Problem to solve
As the answer, give exactly the lines of the records below from the one with "Editorial illustration of" through the one with "2023 Outfit A", ends included and pictures left out.

Data shown
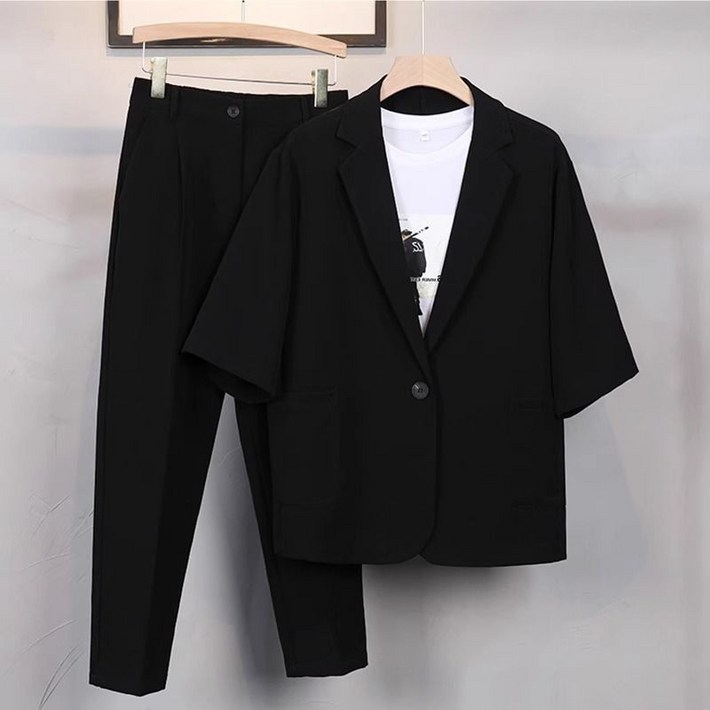 WEIHAN 남성 여름 반팔 수트 샛업 시원한 정장 자켓 와이드 바지 팬츠 상하의세트 하객룩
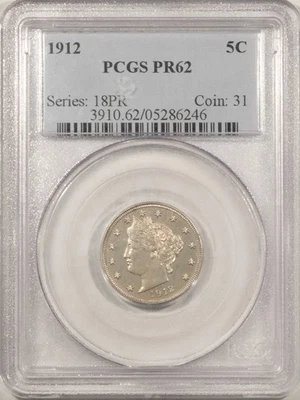 1912 PROOF LIBERTY NICKEL - PCGS PR-62, LOOKS CHOICE & PREMIUM QUALITY! - Image 1 of 3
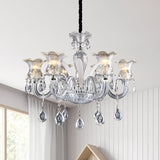 Silver 6/8 Lights Chandelier Light Traditional Clear Ribbed Glass Flower Pendant Lamp with Crystal Droplet Clearhalo 'Ceiling Lights' 'Chandeliers' Lighting' options 813385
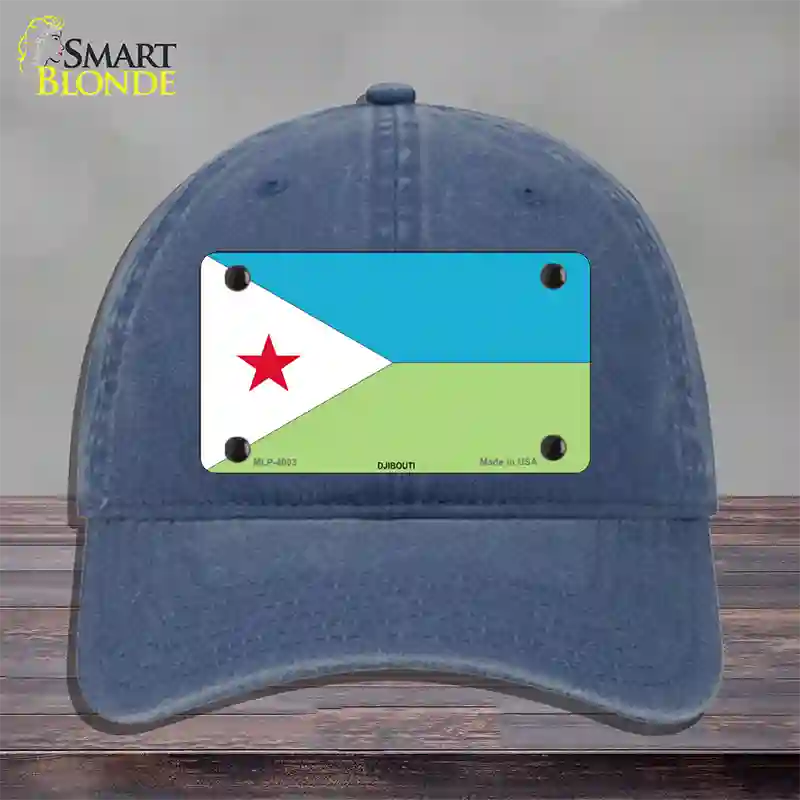 Djibouti Flag Novelty License Plate Hat Unconstructed Cotton / Navy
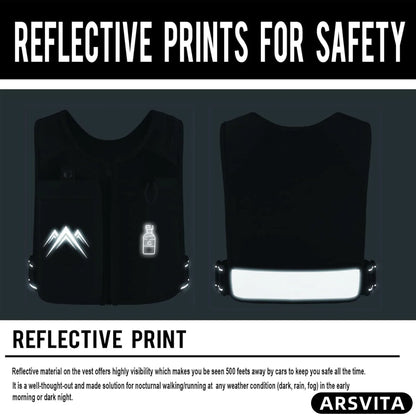 Reflective Running Vest with Adjustable Waistband, 500ml Hydration Bottle, and Breathable Material - Chest Pack Gear for Phones, Suitable for Men and Women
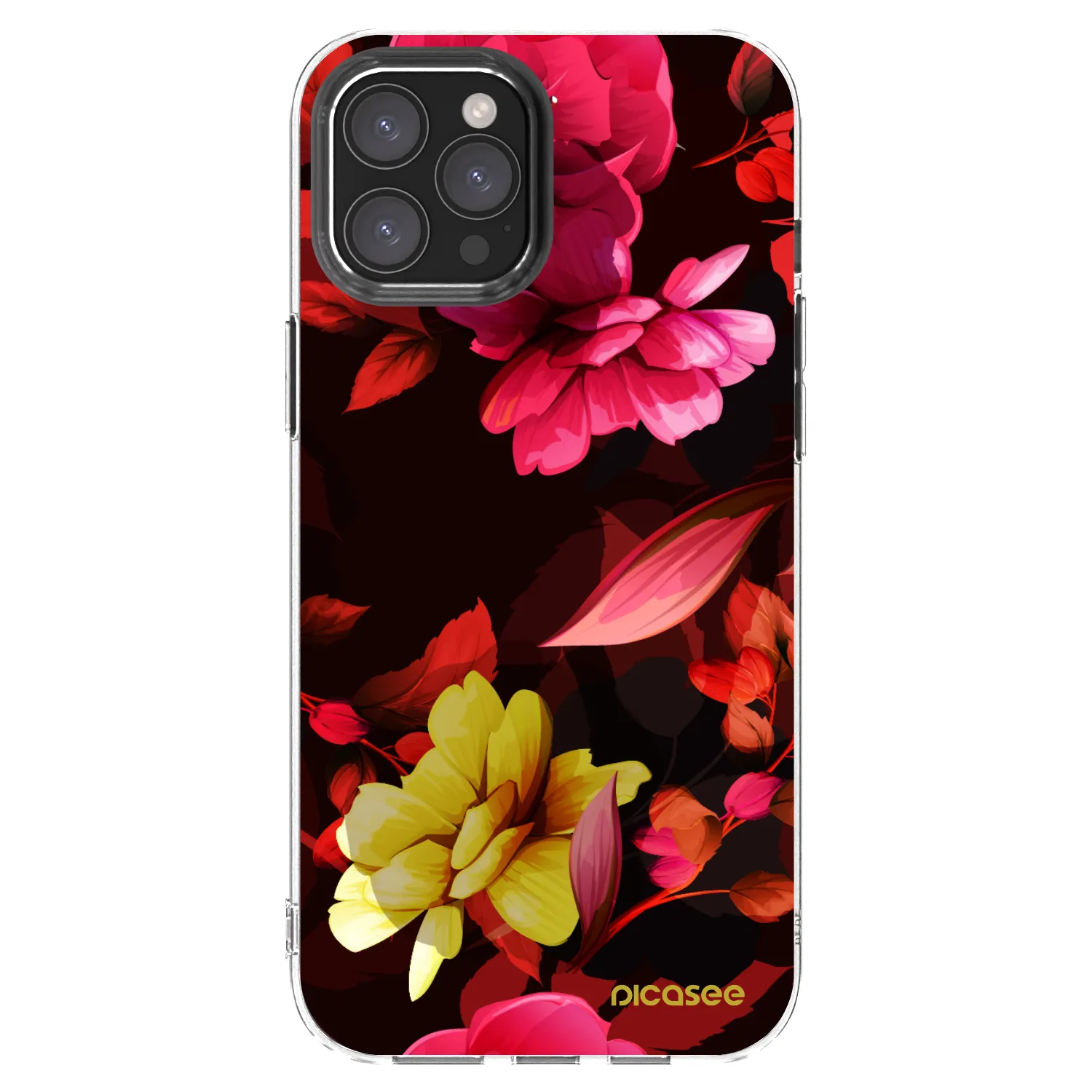 Picasee διαφανής θήκη σιλικόνης Apple iPhone 12 Pro Max - Dark Peonny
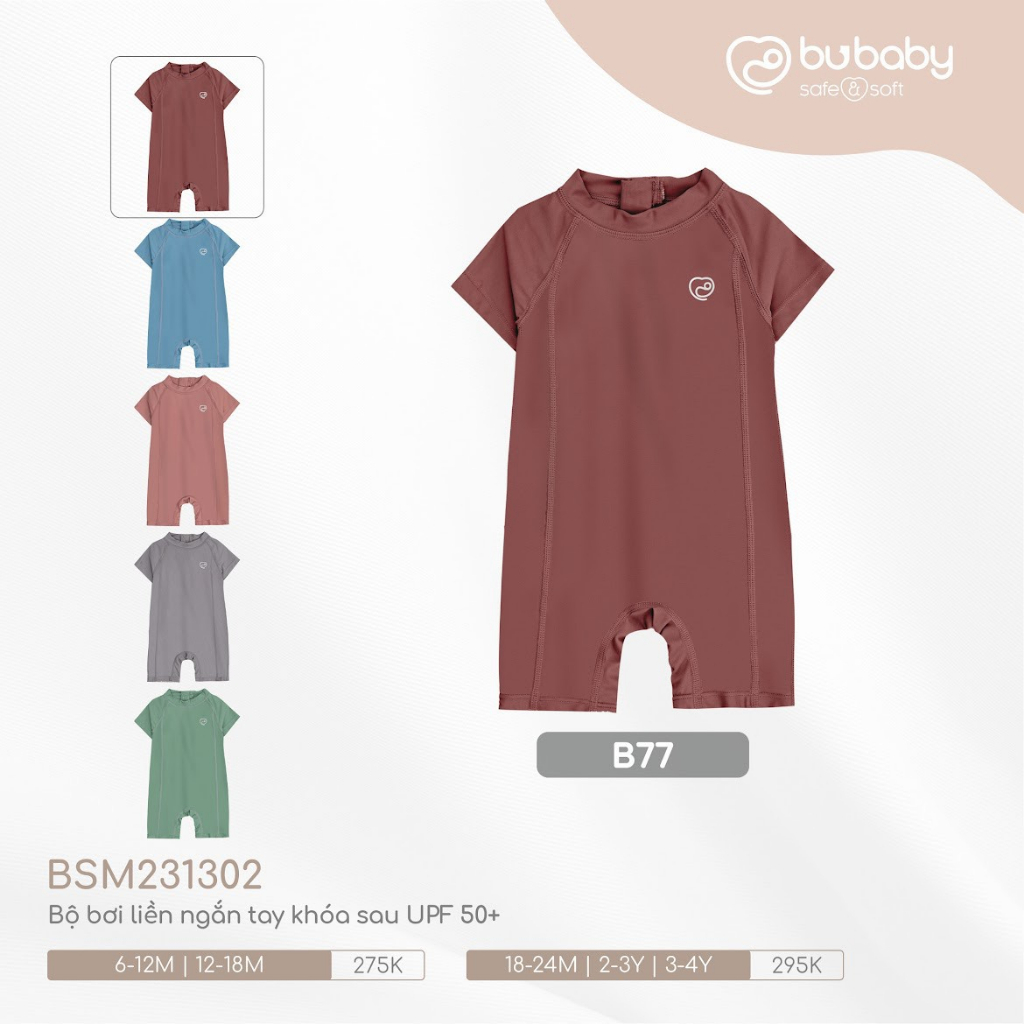 Bu baby - Bộ bơi liền ngắn tay khóa sau UPF50+ BSM231302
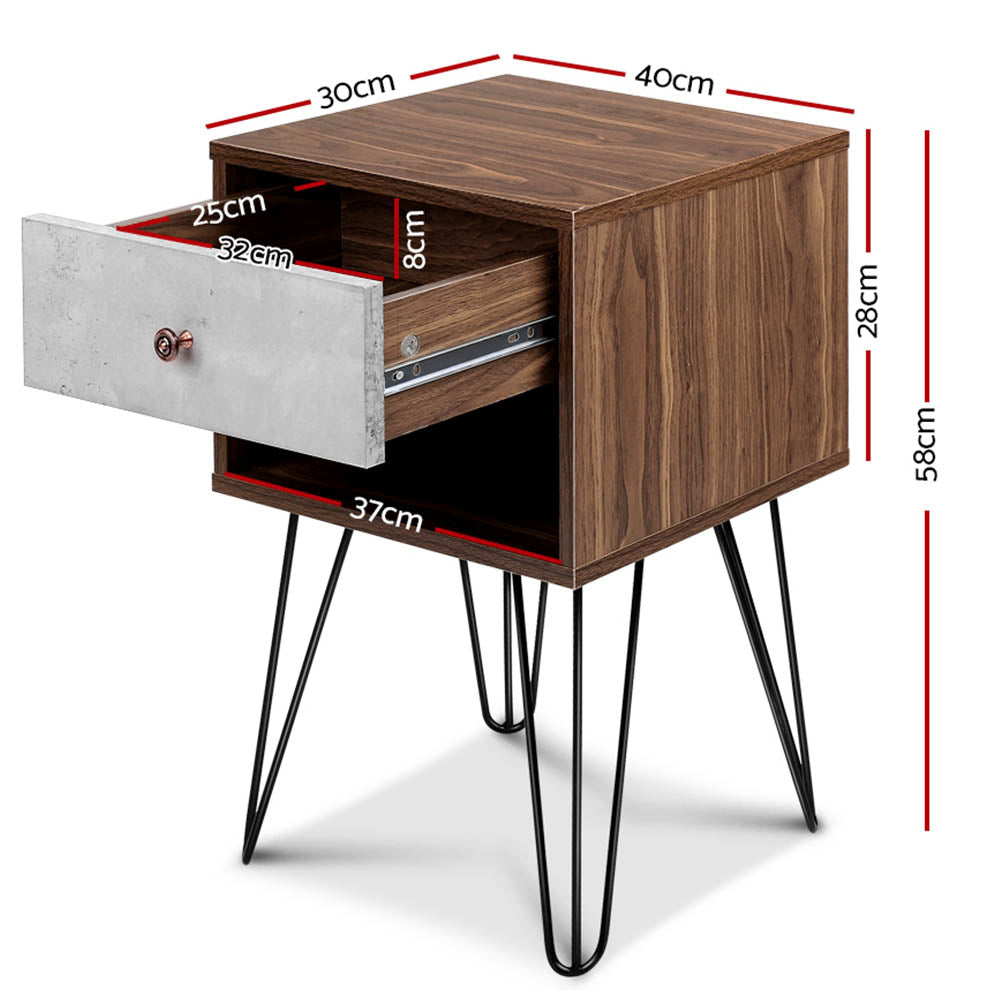 LARS Bedside Table 1 Drawer Shelf Walnut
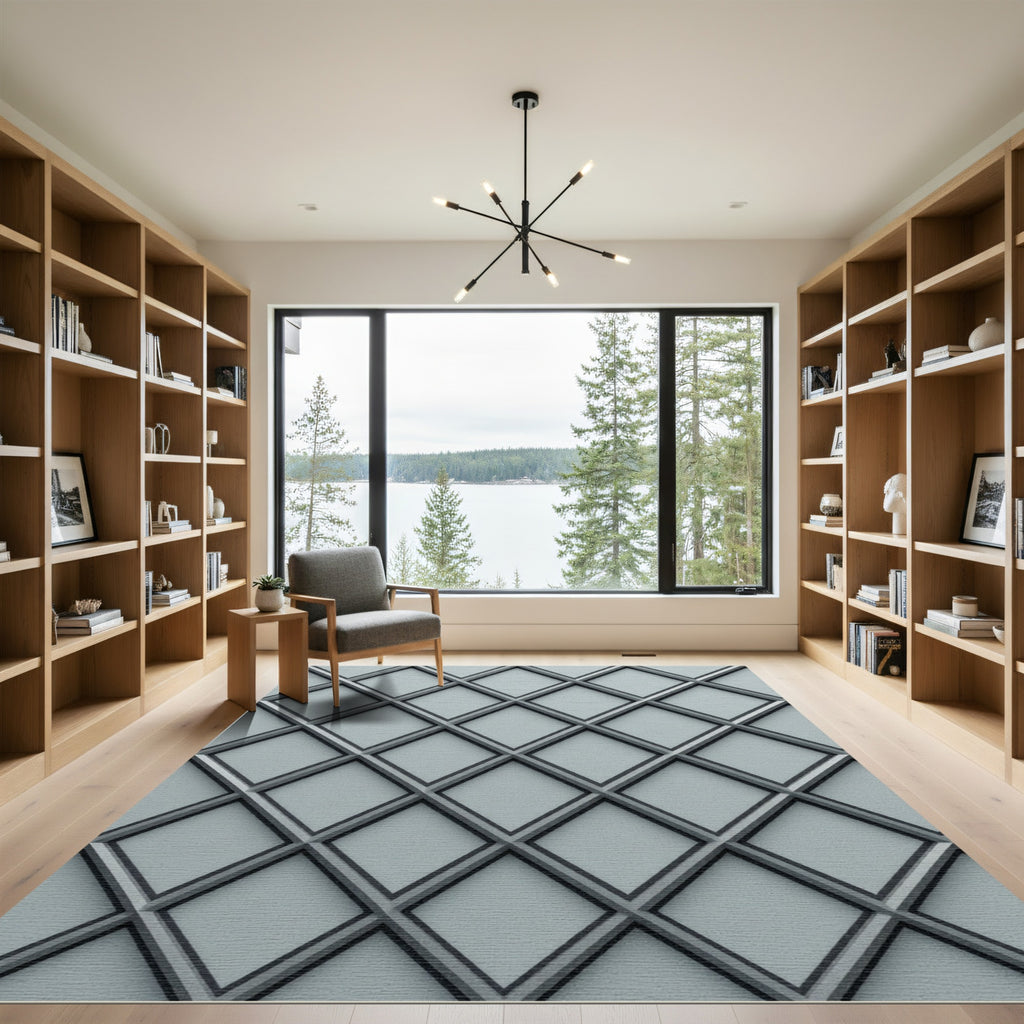 Minimalist Gray Lattice Diamond Rug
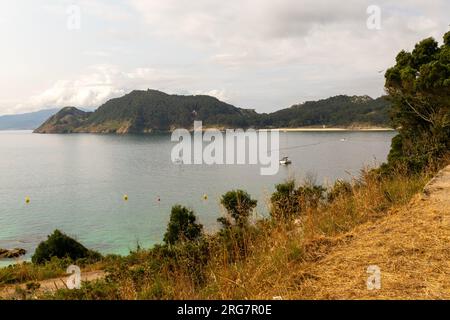 St. Martin oder Südinsel, Cies-Inseln, Atlantikinseln Galicien Maritime Terrestrial National Park, Spanien Blick von der Isla del Faro Stockfoto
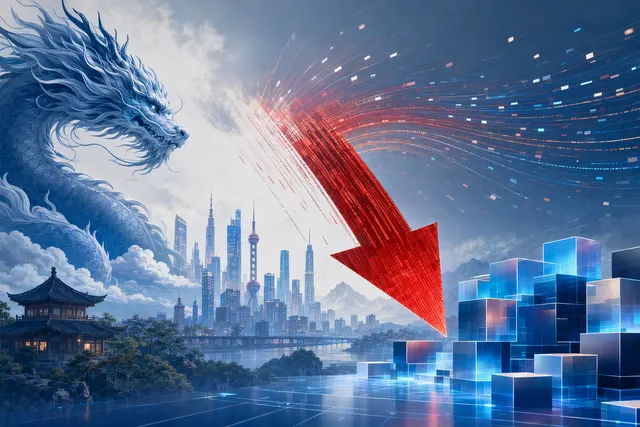 Editorial illustration of AI token pricing and competition among Chinese AI labs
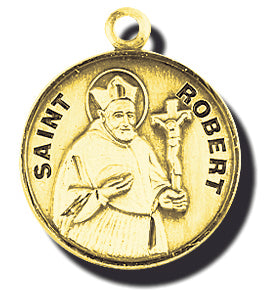 7/8-inch Solid 14kt. Gold Round Saint Robert Medal with 14kt. Jump Ring Boxed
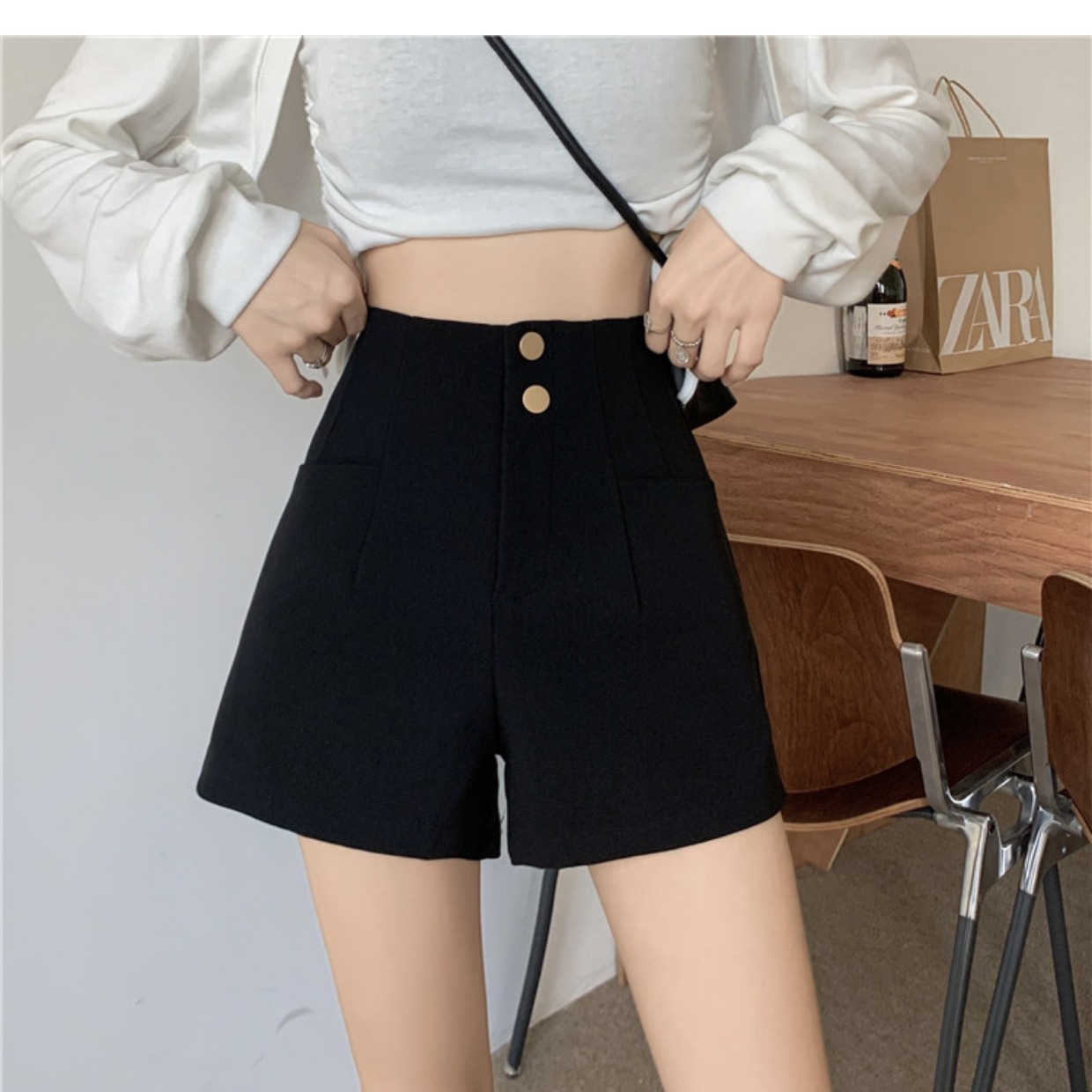 2023 Outfit A High Waist New Casual Pants Suit All-match Fashionable Slimming Shorts Women's Summer Black Thin Boots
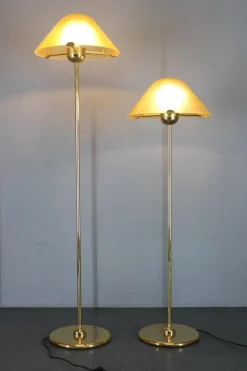 Pamono Floor Lamps in Brass Finish from VeArt,1980s, Set of 2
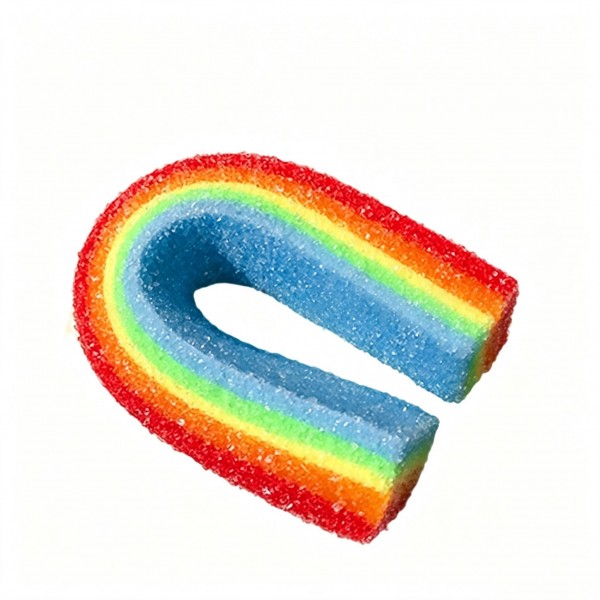 Rainbow candy squishy shaped like a sour belt bent into an arch, with a sugar textured surface and bright layered stripes. The foam body squeezes down and rises back slowly, so it holds up to constant fidgeting. A sweet shop novelty that pops on a shelf and photographs beautifully. Candy styled squishies are dependable impulse sellers for teen and gift departments.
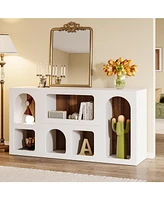 Tribesigns 59" White Console Table, Modern Entryway Table, Wooden Storage Organizer Entrance Table with 6 Compartments, Long Sofa Table, Behind Couch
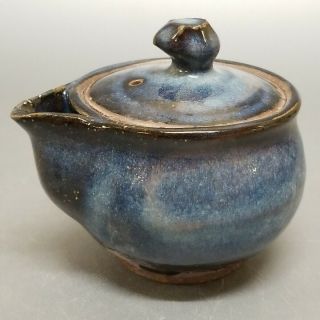 尚56) Japanese Pottery Hagi Ware Blue Glaze Pot By Seigan Yamane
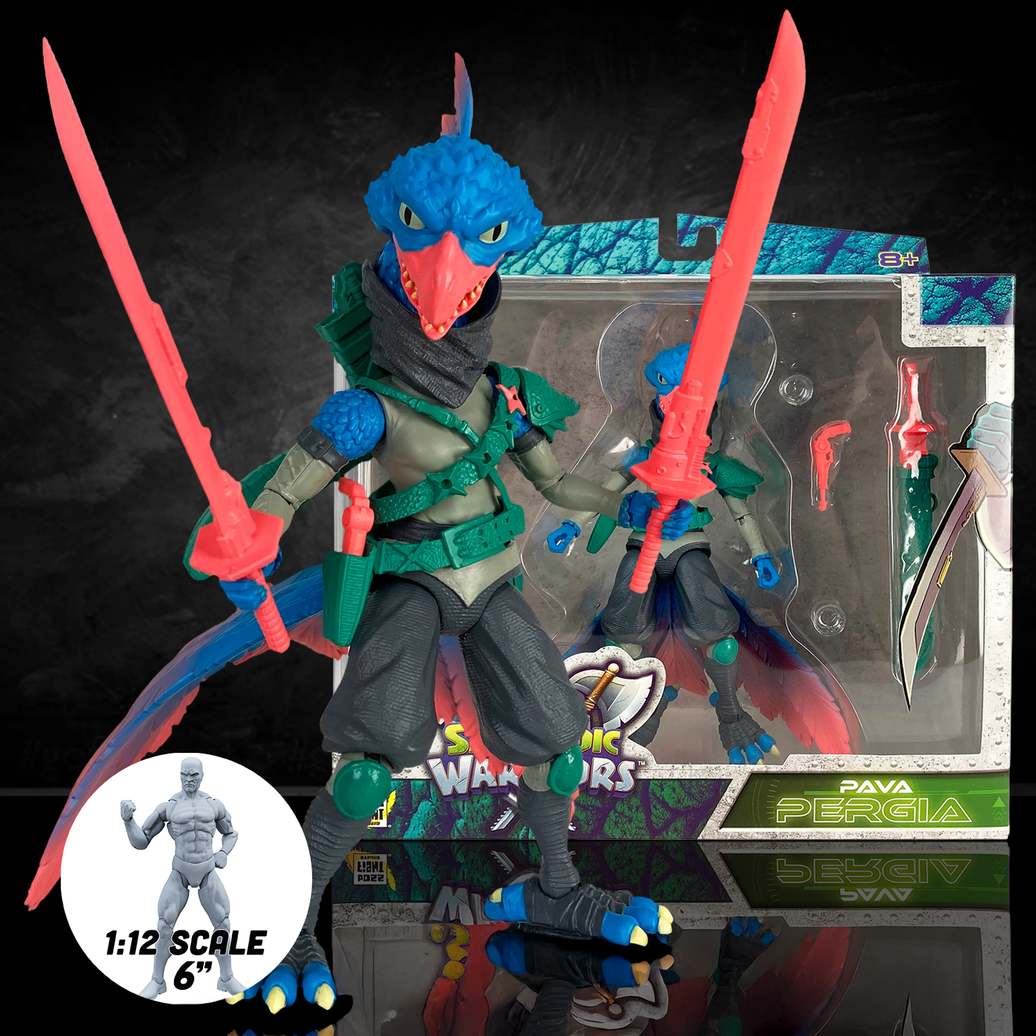 Pava Pergia Saurozoic Warriors action figure, a 6-inch scale Ninja Archaeopteryx. This feathered dinosaur warrior features teal and grey plumage, a black ninja mask, and holds two red tech-swords. 1:12 scale collectible from Boss Fight Studio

Solution for this exercise
 Editorial illustration of AI token pricing and competition among Chinese AI labs
 7/8-inch Solid 14kt. Gold Round Saint Robert Medal with 14kt. Jump Ring Boxed
 2023 Outfit A High Waist New Casual Pants Suit All-match Fashionable Slimming Shorts Women's Summer Black Thin Boots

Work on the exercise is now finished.